→ Input records:
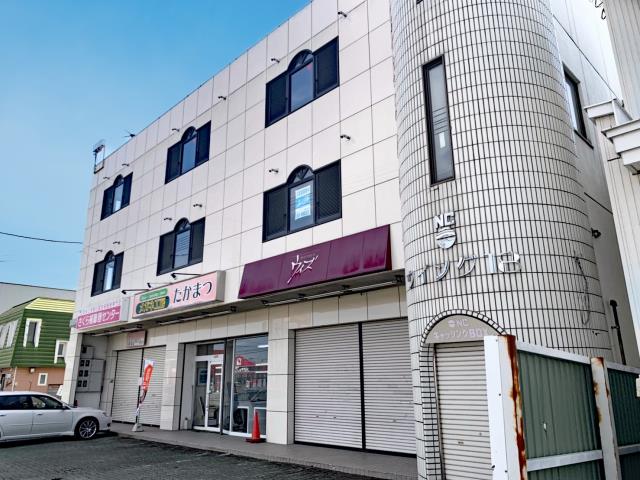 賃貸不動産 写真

...

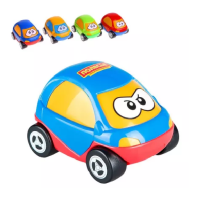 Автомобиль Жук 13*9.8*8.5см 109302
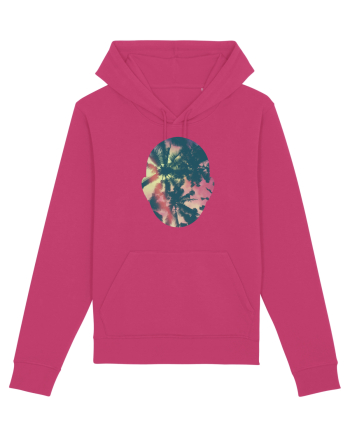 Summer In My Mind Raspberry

→ Instructions to follow:
Write out exactly the lines above between the one with "Автомобиль Жук 13*9.8*8.5см 109302" and the one with "Summer In My Mind Raspberry", inclusive, with pictures left out.

→ Task response:
 Автомобиль Жук 13*9.8*8.5см 109302
 Summer In My Mind Raspberry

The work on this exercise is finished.